In an example embodiment, as illustrated in FIG. 9 with continuing reference to FIGS. 1-8, an illustrative node 1000 for implementing one or more embodiments of one or more of the above-described networks, elements, methods and/or steps, and/or any combination thereof, is depicted. The node 1000 includes a microprocessor 1000a, an input device 1000b, a storage device 1000c, a video controller 1000d, a system memory 1000e, a display 1000f, and a communication device 1000g, all interconnected by one or more buses 1000h. In several example embodiments, the storage device 1000c may include a floppy drive, hard drive, CD-ROM, optical drive, any other form of storage device and/or any combination thereof.
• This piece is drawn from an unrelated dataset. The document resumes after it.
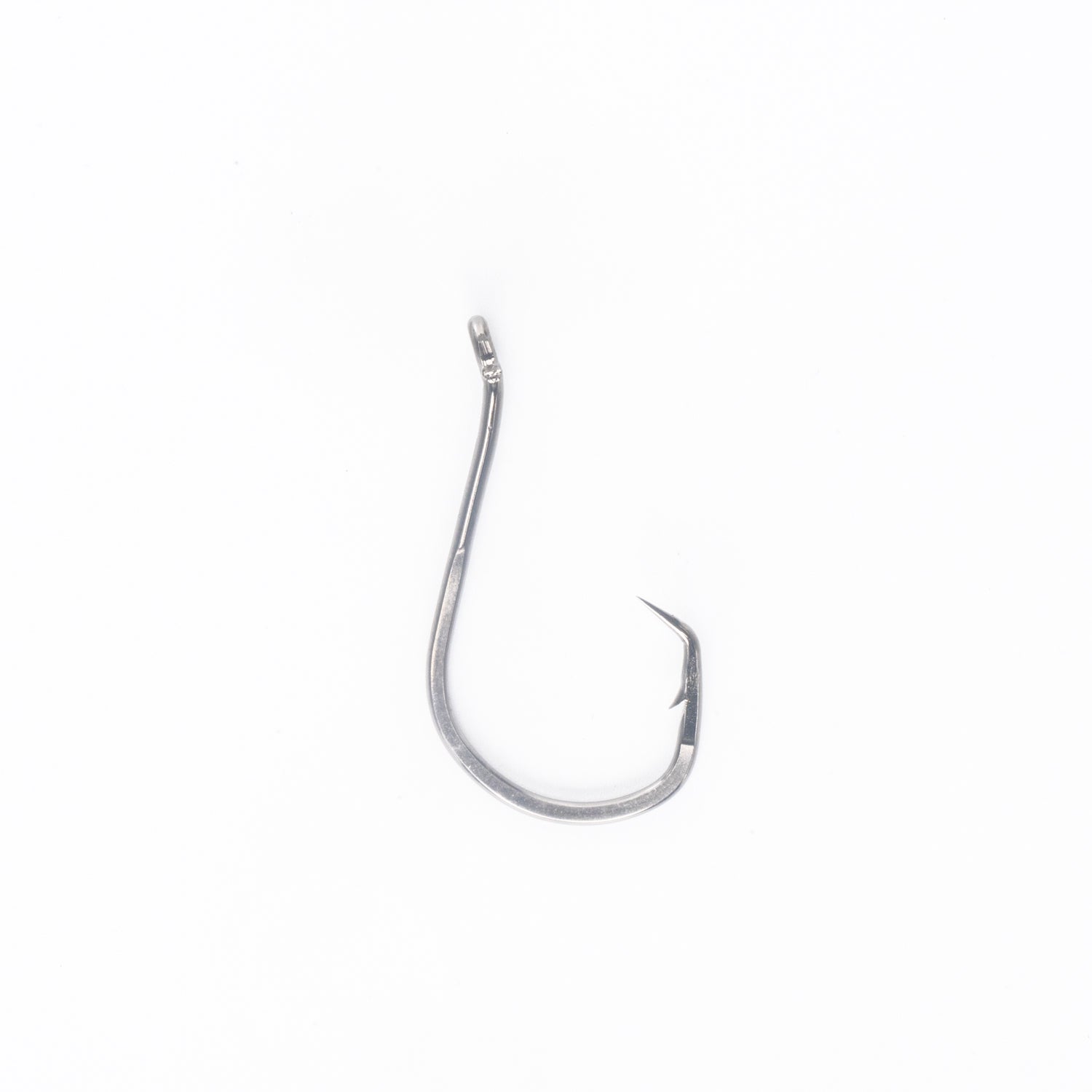 Double Offset Circle Hooks 6/0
In several example embodiments, the storage device 1000c may include, and/or be capable of receiving, a floppy disk, CD-ROM, DVD-ROM, or any other form of computer-readable non-transitory medium that may contain executable instructions. In several example embodiments, the communication device 1000g may include a modem, network card, or any other device to enable the node to communicate with other nodes. In several example embodiments, any node represents a plurality of interconnected (whether by intranet or Internet) computer systems, including without limitation, personal computers, mainframes, PDAs, and cell phones.

In several example embodiments, one or more of the controllers 180, 190 the GUI 195, and any of the sensors, includes the node 1000 and/or components thereof, and/or one or more nodes that are substantially similar to the node 1000 and/or components thereof.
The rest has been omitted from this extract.